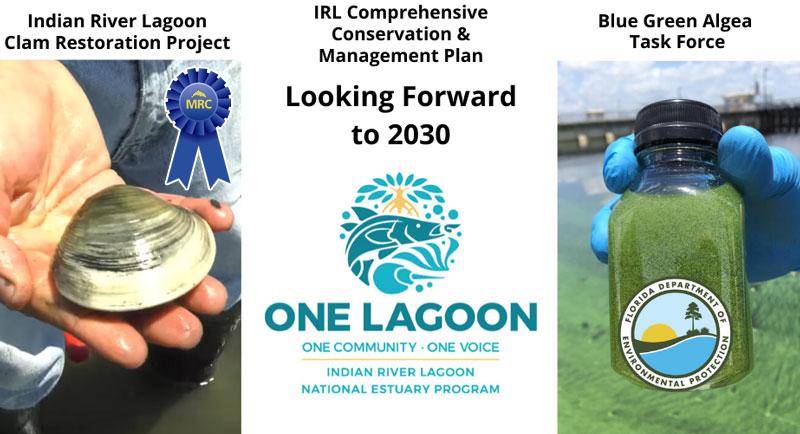 2020 MRC Indian River Lagoon Project of the Year Award Nominations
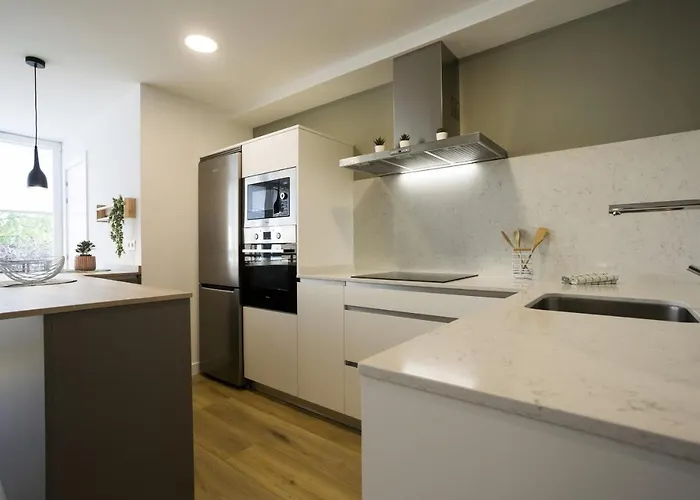 Olabide 2 By Smiling Apartment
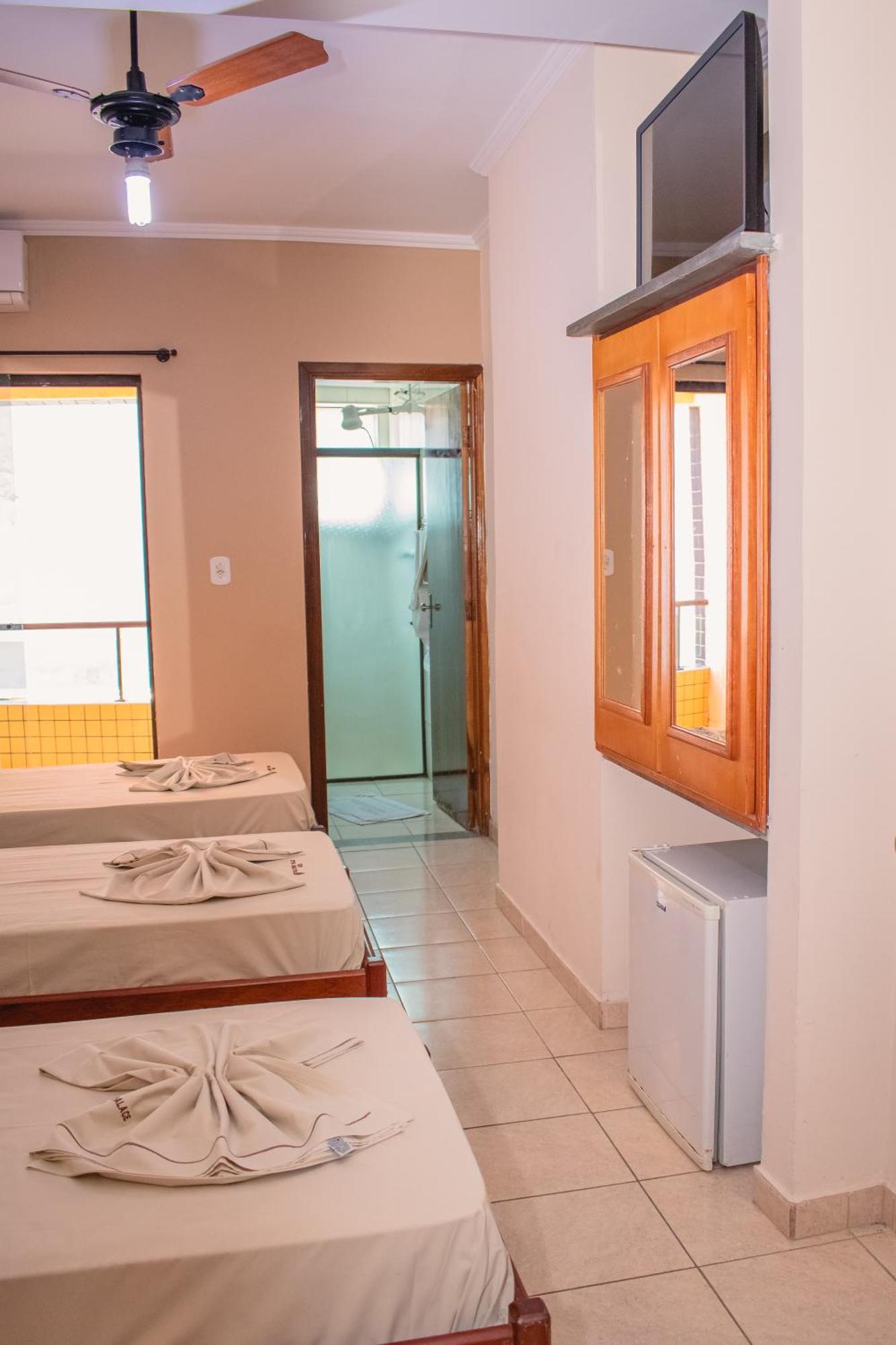 Quarto Triplo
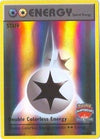 Image for Double Colorless Energy - 90/108 (North America Championships) [Staff] (League & Championship Cards) (090/123) - Pokemon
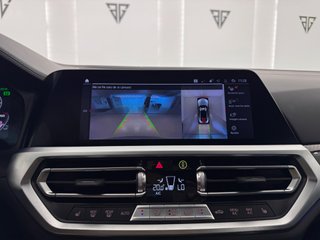 BMW M4 Competition xDrive 510cv
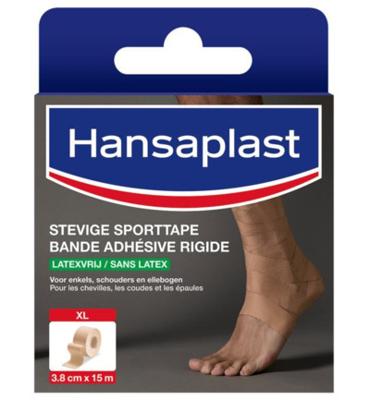 Hansaplast Stevige Sporttape 3.8cm x 15m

+++++

ABOUT THIS EXERCISE:
Only the lines from the one containing "BMW M4 Competition xDrive 510cv" through the last line of the entries belong in the answer, given again exactly. Images stay out.

ANSWER SPACE:
 BMW M4 Competition xDrive 510cv
 Hansaplast Stevige Sporttape 3.8cm x 15m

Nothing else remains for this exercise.